Prepare the area prior to injecting local anesthetic solution. Clean the skin of any dirt and debris. Apply an alcohol swab, povidone iodine, or chlorhexidine to the skin over the injection site and the surrounding area and allow it to dry. Apply sterile drapes, if applicable, to delineate a sterile field.

Local Anesthetic Dosing

Infiltration anesthesia refers to the injection of a local anesthetic solution directly into the subcutaneous tissues about to be manipulated. The first step to be considered is the selection of the proper anesthetic. Barring a history of an allergic reaction to a given class of local anesthetic agents, the amide anesthetics lidocaine (Xylocaine) and bupivacaine (Marcaine) are the most common agents employed within the Emergency Department. The choice between these agents should be tailored to the individual patient and situation. Lidocaine exhibits a quicker onset of activity, whereas bupivacaine exhibits a longer duration of action (Table 123-1). Lidocaine possesses a wider margin of safety, with larger doses required to illicit a toxic response. In amide allergic patients, the ester agent procaine (Novocain) is a reasonable alternative.

It is important to keep in mind the maximal recommended doses for the chosen local anesthetic agent to avoid systemic toxicity (Table 123-1). The disadvantage of local infiltration is that a large amount of local anesthetic must be used for a small area. Extensive wounds may require toxic doses of local anesthetic agents. A lower concentration or the addition of epinephrine will allow a larger volume of local anesthetic to be used. Local infiltration may distort the wound edges and complicate the repair.
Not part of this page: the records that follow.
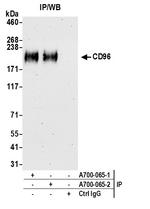 CD96 Antibody in Immunoprecipitation (IP)
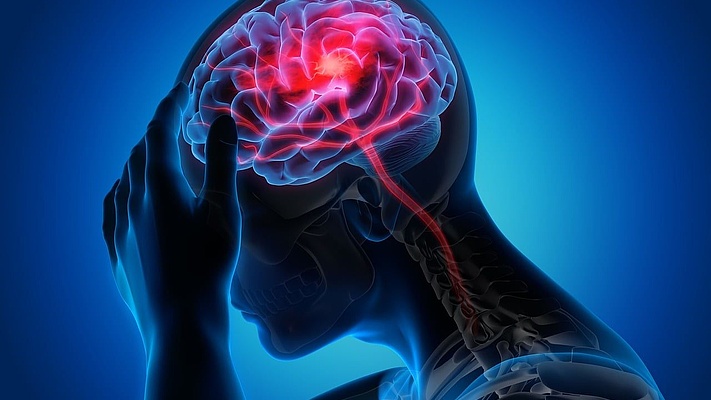 Chronische Migräne: „Nimm doch einfach eine Tablette“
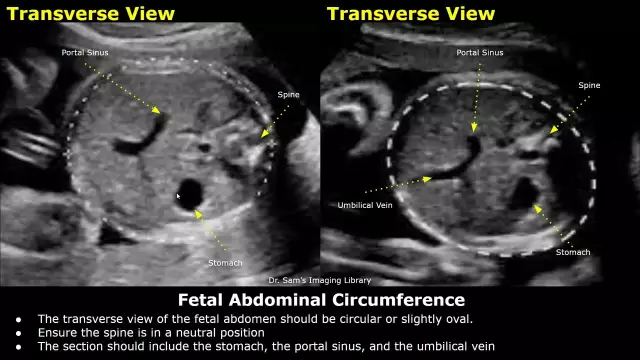 25 Weeks Pregnant - Fetal Changes, Abdomen, Pains, Examinations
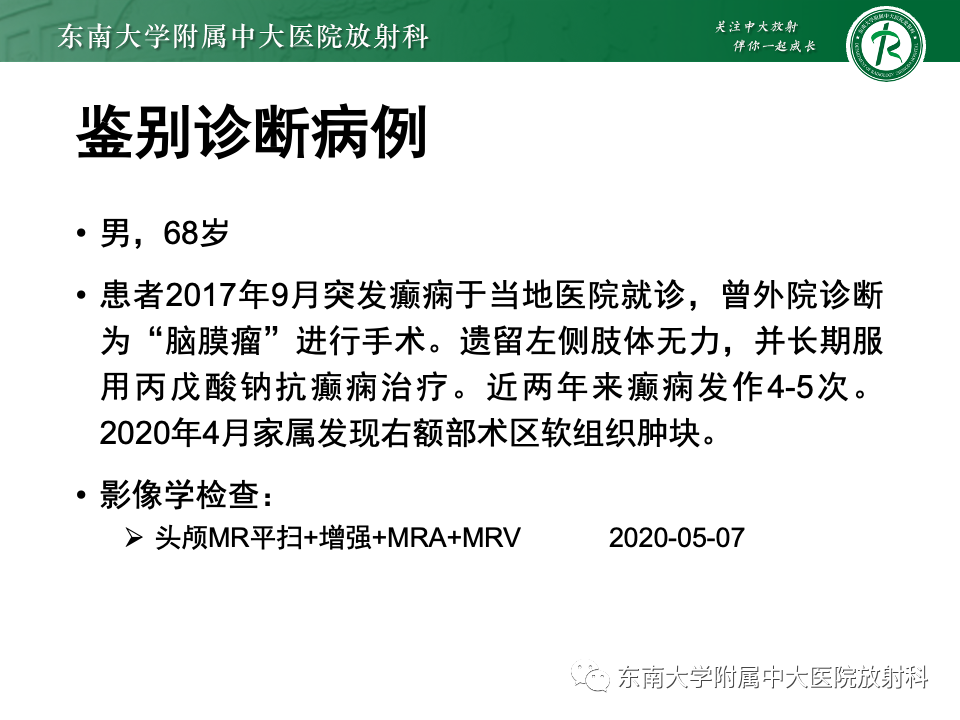 影像PPT - 【PPT】千变万化脑膜瘤-36
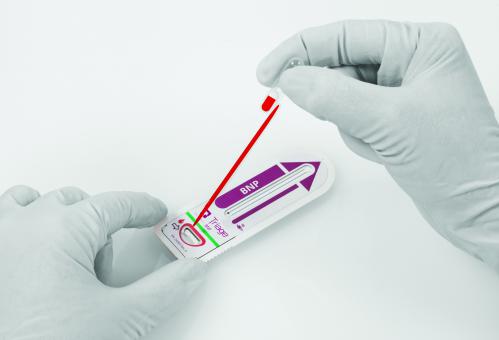 Triage® Pipetten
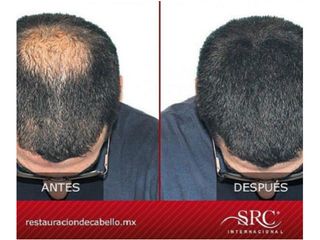 Antes y después de trasplante de cabello 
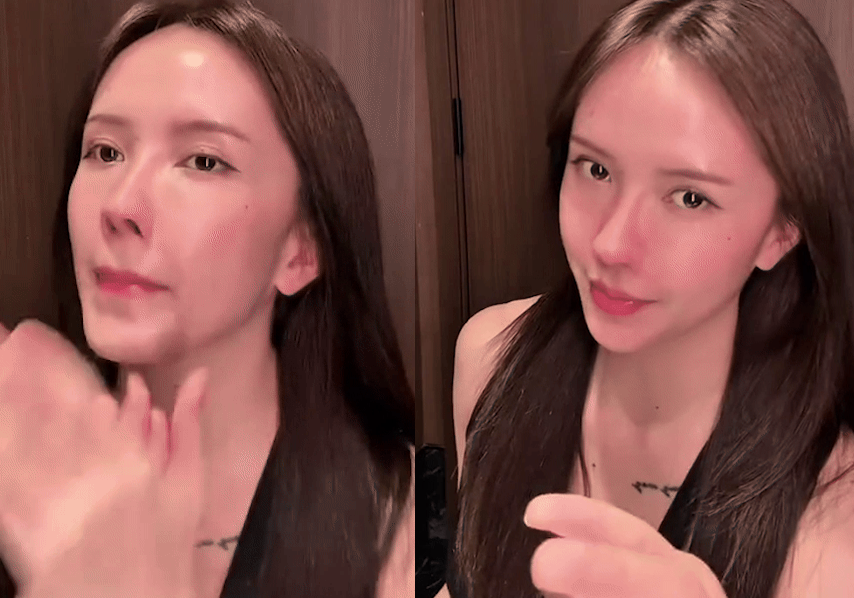 Thiều Bảo Trâm lộ bi:ến ch:ứng hậu d:ao k:éo: Fan hoang mang lo lắng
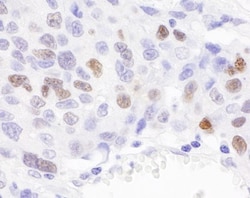 Importin alpha 2/KPNA2 Antibody, Novus Biologicals 0.1mL; Unlabeled:Antibodies,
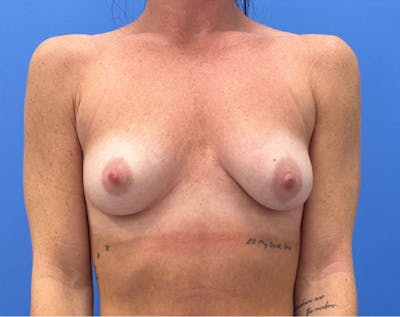 Breast Augmentation Before & After Gallery - Patient 378578 - Image 1
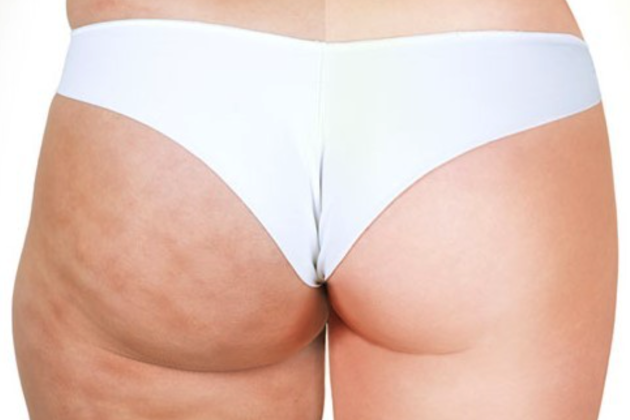 橘皮組織怎麼消不掉?了解形成原因與改善方式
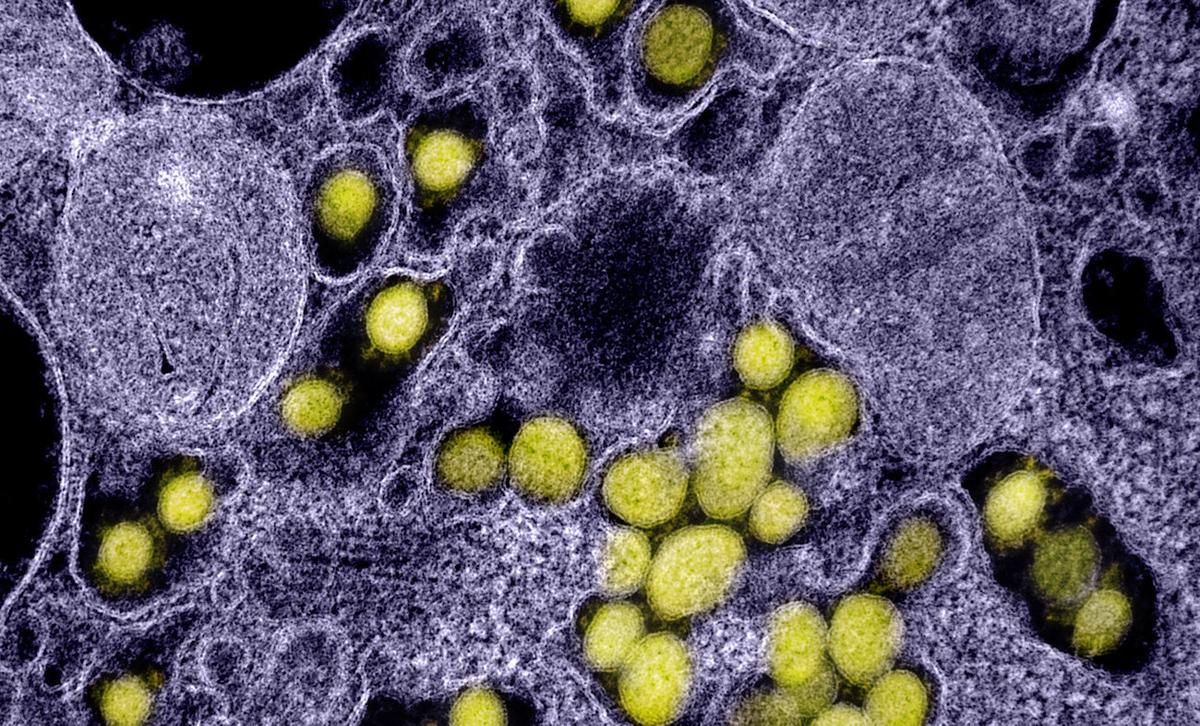 COVID-Infected People Without Symptoms Are Much Less Likely to Pass Virus On: Study
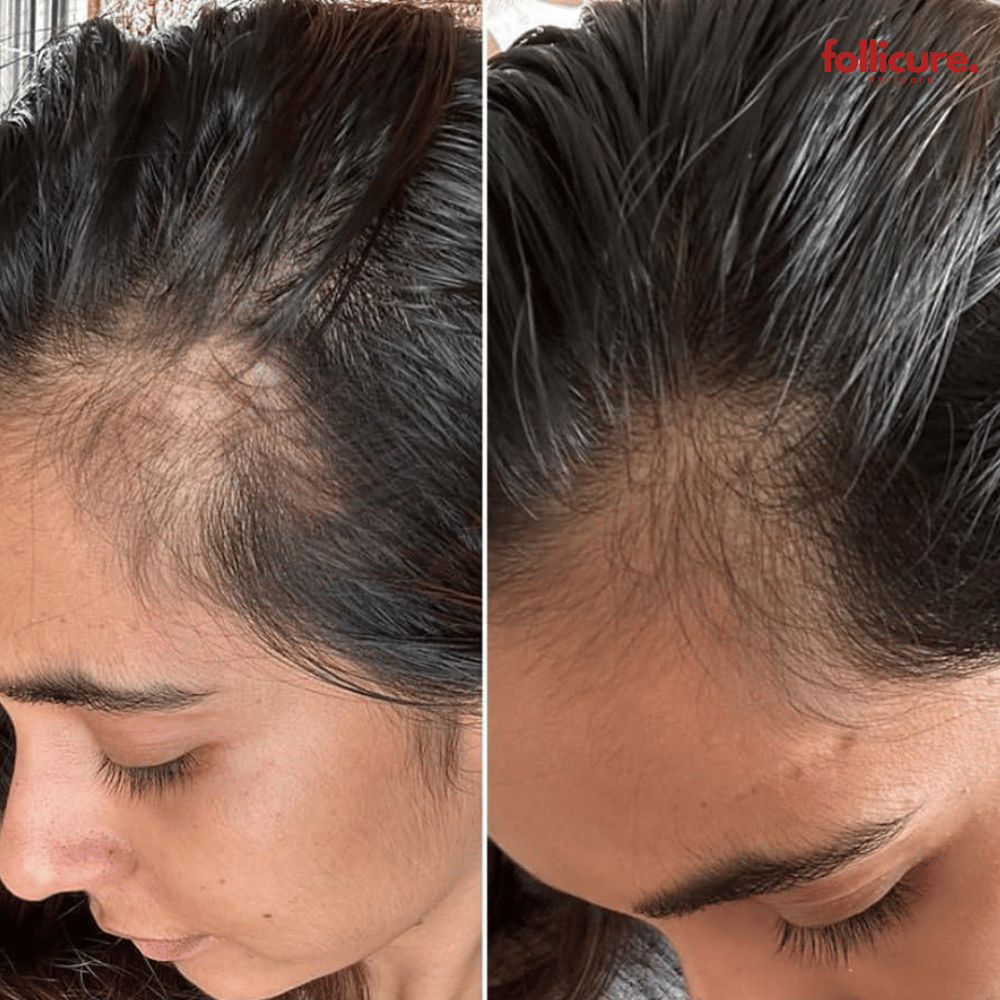 Follicure™ RevivaBrush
The maximal recommended dose of a local anesthetic agent is the same for local infiltration or regional nerve blockade. It is important to properly calculate the amount of local anesthetic agent administered to a patient. Local anesthetic solutions are supplied with the concentration denoted as a percentage (e.g., 1% lidocaine, 0.25% bupivacaine, 4% cocaine). This percentage must be converted to mg/mL. A 1% local anesthetic solution is prepared by dissolving 1 g of the local anesthetic agent in 100 mL of diluent. This results in a concentration of 10 mg/mL (1 g/100 mL = 1000 mg/100 mL = 10 mg/mL). A simple method to calculate the strength of a local anesthetic solution is to move the decimal point one place to the right to convert from a percentage to a concentration in mg/mL (e.g., 0.25% = 2.5 mg/mL, 2% = 20 mg/mL, 4% = 40 mg/mL). This value must be multiplied by the volume to be administered to determine the total amount (in mg) of local anesthetic agent administered. This value must be compared to the maximal allowable dose (Table 123-1) to ensure it is not a toxic dose.
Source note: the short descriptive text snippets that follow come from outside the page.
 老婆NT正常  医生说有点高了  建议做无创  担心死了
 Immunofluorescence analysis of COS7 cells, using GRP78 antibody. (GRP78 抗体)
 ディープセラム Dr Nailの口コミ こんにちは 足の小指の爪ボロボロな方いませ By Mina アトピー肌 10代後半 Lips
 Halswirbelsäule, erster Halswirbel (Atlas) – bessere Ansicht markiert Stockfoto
Epinephrine Containing Agents

Epinephrine can be added to a local anesthetic solution to prolong its duration of action, to assist with hemostasis by local vasoconstriction, and to slow the absorption of the local anesthetic agent. This allows for larger quantities of local anesthetic solution to be injected without the concern for systemic toxicity. Local anesthetic agents are generally compounded with epinephrine in a 1:100,000 or 1:200,000 solution and usually come packaged as such by the manufacturer.

If a compounded solution is not available, one can be readily formulated. Begin by obtaining 1:1000 epinephrine that is usually administered to patients for severe allergic reactions or bronchospasm. This solution of 1:1000 contains 1 g of epinephrine per 1000 mL or 1 mg/mL of epinephrine. Diluting this solution by a factor of 100 will result in the desired 1:100,000 concentration. Place 0.1 mL of 1:1000 epinephrine into 10 mL of local anesthetic solution to make a dilution of 1:100,000 (or 0.010 mg/mL). Place 0.1 mL of 1:1000 epinephrine into 20 mL (or 0.05 mL in 10 mL) of local anesthetic solution to make a dilution of 1:200,000 (or 0.005 mg/mL).

Reducing the Pain of Infiltration

Local anesthetic agents are weak bases. They are packaged, however, as hydrochloride salts with a pH of 4 to 6 to increase their solubility and shelf life. This acid pH causes much of the pain associated with the injection of local anesthetic agents.4,6 Because epinephrine is unstable at a physiologic pH, commercial solutions containing epinephrine are generally formulated with similarly acidic pH values. Buffering lidocaine, mepivacaine, or bupivacaine with sodium bicarbonate has been shown to reduce the pain of injection significantly.25,27,28 Raising the pH of the local anesthetic agent increases the percentage of local anesthetic molecules in the nonionized diffusible state.27 This may allow nearly instantaneous penetration of the nerve cell membrane by the anesthetic molecules and block or reduce the pain of infiltration.27,29,30 Raising the pH also contributes to decreasing the pain of the injection. Buffering local anesthetic agents does not appear to affect the duration or degree of anesthesia. There does not appear to be an increase in the degree of anesthesia, the serum levels of the local anesthetic agent, or in toxicity of buffered anesthetic agents.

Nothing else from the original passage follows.